Tribuna

La senda del testimonio

Compartir

Francisco Vázquez, embajador de España FRANCISCO VÁZQUEZ Y VÁZQUEZ | Embajador de España

No soplan buenos tiempos para la Iglesia católica en España. Existe, en general, un clima de animadversión o, cuando menos, de indiferencia hacia el hecho religioso en sí, que se manifiesta en los usos sociales y en la vida cotidiana, sobre todo de los más jóvenes, entre los cuales la religión no goza de gran popularidad, postura motivada y alentada en gran medida por medios de comunicación empeñados en resaltar cualquier noticia negativa para la Iglesia.

Esta situación se ha agravado con la llegada a los ayuntamientos y otras instituciones de los llamados “nuevos partidos”, cuyos representantes han manifestado una decidida voluntad de suprimir de la vida pública la más mínima referencia a la religión o a las tradiciones cristianas, alegando una supuesta neutralidad que, por cierto, solo se aplica en relación con la fe católica.

Su actitud nos entristece profundamente a los creyentes, algunos incluso votantes de sus siglas. Nos apena que nuestras autoridades no nos quieran representar y que, incluso al boicotear nuestras demandas e iniciativas, invoquen “la radical diferencia de sus políticas con los planteamientos cristianos” (sic). No acabamos de entender por qué tienen a gala negarse a entrar en nuestros templos, por qué declinan nuestras invitaciones y acompañarnos en nuestras ceremonias, aunque tengan un carácter ecuménico o, sencillamente, formen parte de tradiciones seculares, profundamente arraigadas en nuestra historia o en las costumbres o festividades populares. ilustración de Tomás de Zárate para el artículo de Francisco Vázquez 2990

Nos sorprende cómo bajo el manto de un laicismo beligerante, nuestras autoridades manifiestan una hostilidad creciente hacia nuestras creencias, lo que no les impide remedar burdamente a la liturgia católica, impulsando la celebración de ceremonias paralelas que consagran lo civil en una nueva doctrina. Nos preocupa su empeño en desterrar del espacio público cualquier símbolo de carácter religioso, sin importar la causa de su presencia o valor histórico.

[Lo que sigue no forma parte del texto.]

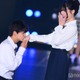「今日好き」“けんみあカップル”中村健太朗、藤田みあの手の甲にキス＆ハグでラブラブランウェイ【関コレ2025A/W】 画像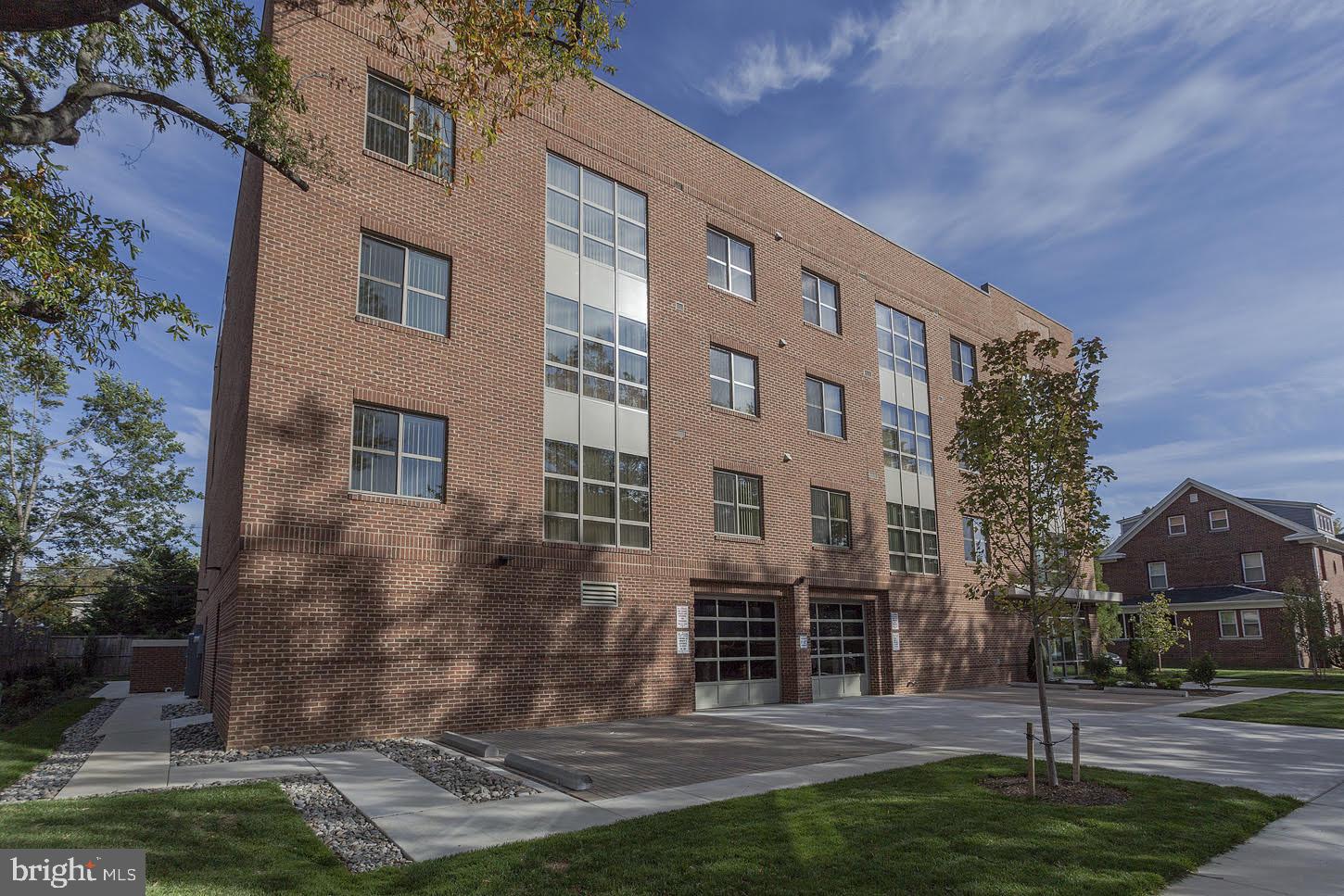 905 N JACKSON STREET 201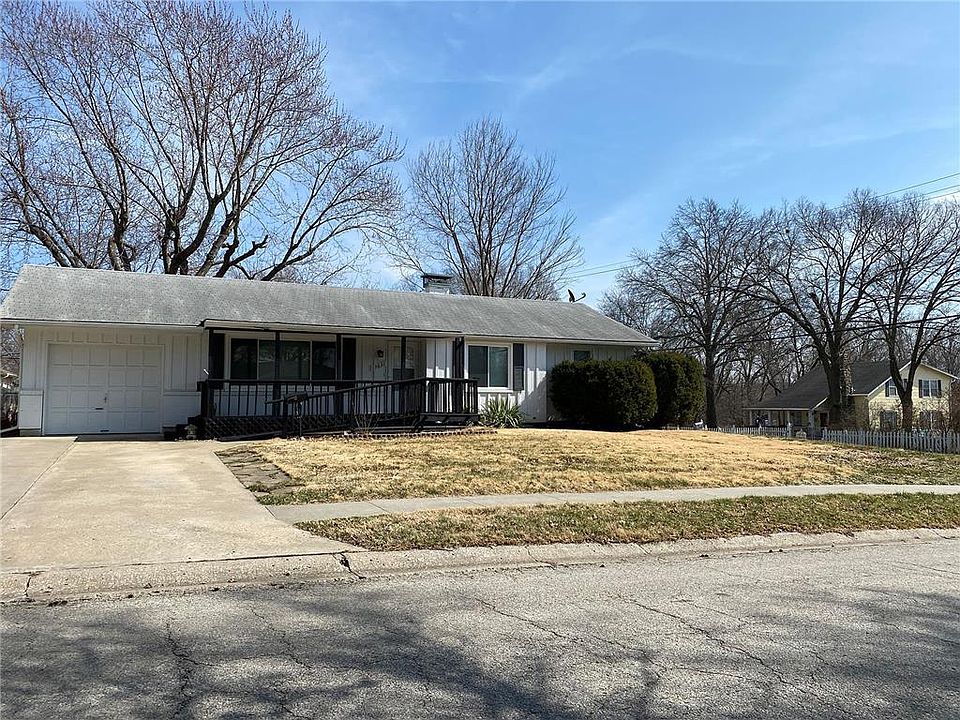 1st image of 13631 Bennington Ave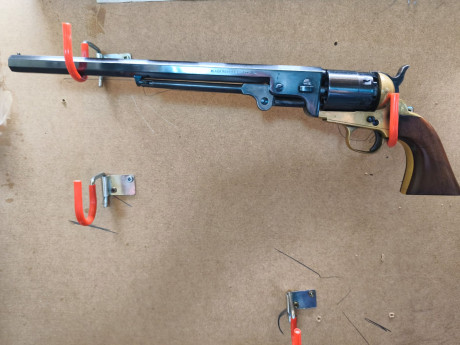 Revolver Colt navy calibre 44  marca Pietta largo de  cañon  12 pulgadas , largo total 30 cm, en excelente 11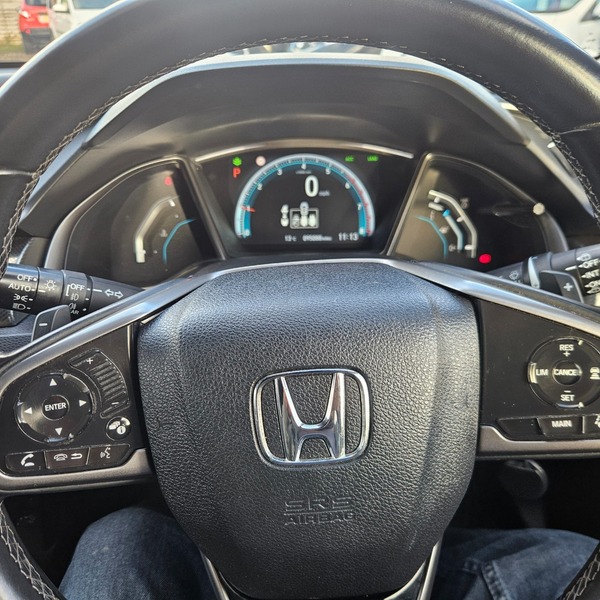 Used Honda Civic 2017 for sale - 76980092: Photo 11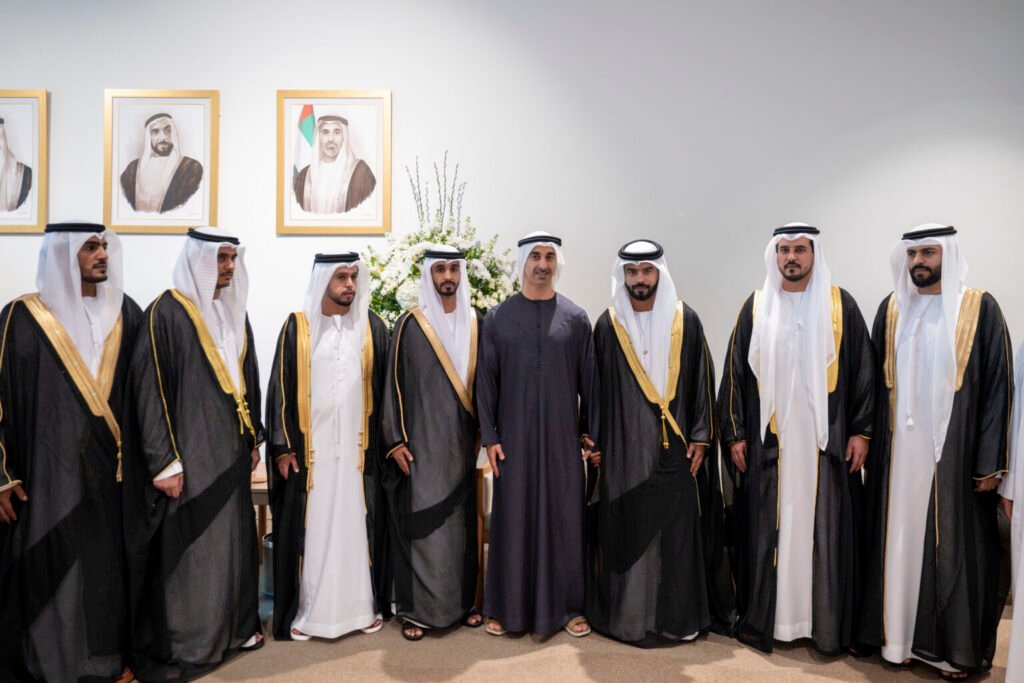 Hamdan bin Mohamed bin Zayed attends group wedding of Al Awamir tribe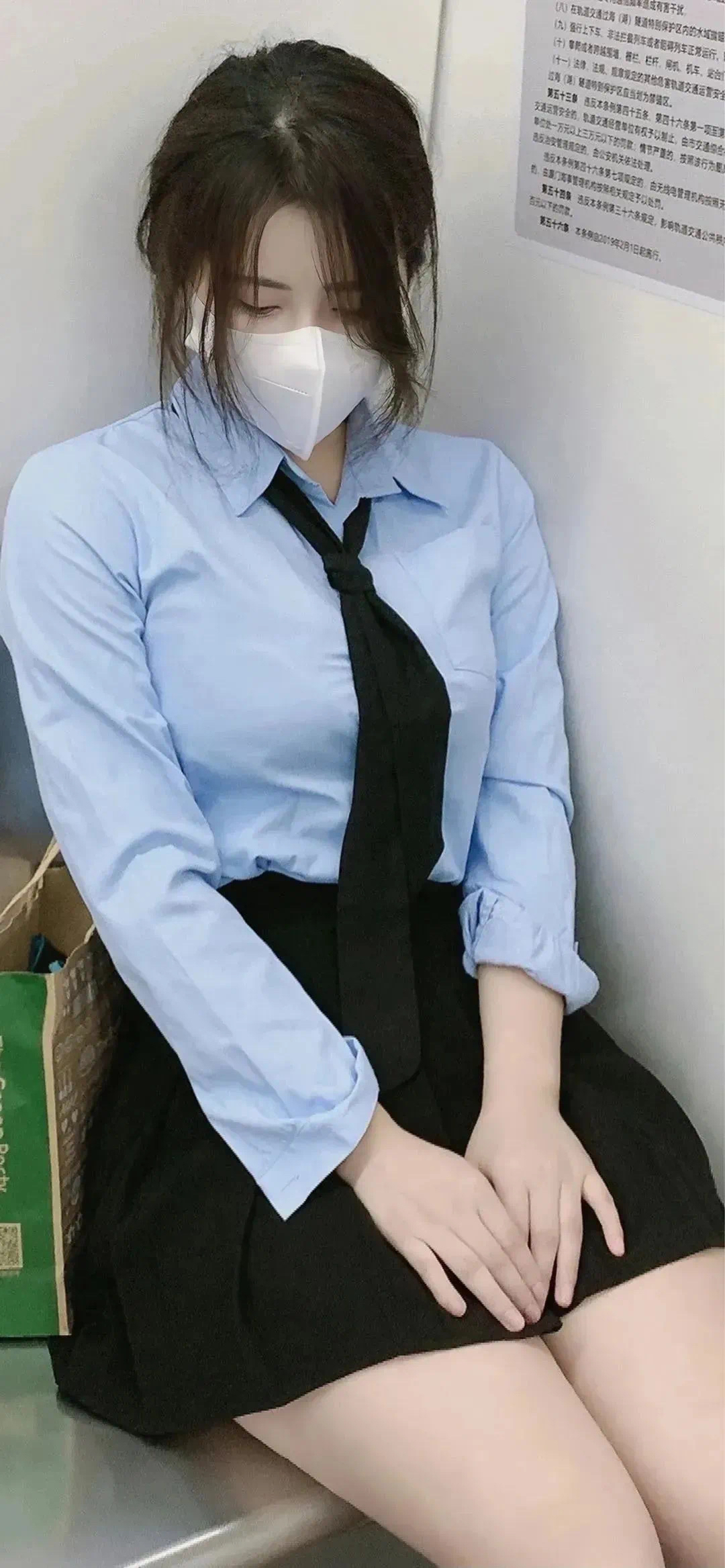 新娘未满ESCAPE美女头像真人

Nos disgusta profundamente esa enfermiza obsesión por descristianizar todas las ceremonias, e incluso subvencionar todo tipo de actividades culturales o festivas de contenido abiertamente contrario o difamatorio de los principios de la moral cristiana, justificando su conducta bajo el eufemismo de la libertad de expresión.

Lo cierto es que, hoy por hoy, no se requiere un gran esfuerzo para adivinar cuáles serían las consecuencias para la Iglesia si se aplicasen todas o algunas de las medidas que, en materia religiosa, se anuncian en varios programas electorales.

Siempre pensamos que las instituciones, sea cual sea el color de quien las gobierna, representan a todas las sensibilidades y creencias, incluso aquellas que puedan ser opuestas al ideario gobernante. No es un problema de ser más o menos; en democracia, el juego de mayorías o minorías se fundamenta en el respeto y la tolerancia hacia quienes no piensan como nosotros. Un alcalde lo es y representa a todos sus vecinos. Al menos, así lo entendemos los católicos: “Dar al César lo que es del César”.

Y así van yendo las cosas, pasito a pasito, con el silencio atronador de nuestra jerarquía, más empeñada en un proceso de revisión de su pasado, olvidándose de los aires, las brisas, las turbulencias e incluso las tempestades que azotan a sus rebaños.

Modestamente, en tiempos de tribulación y prueba, yo recomiendo la humilde senda del sencillo testimonio, que tan bien define un buen amigo, creyente consecuente con lo largo de su ya dilatada vida: “Soy católico. No me envanezco por serlo, pero tampoco me avergüenzo de confesarlo”.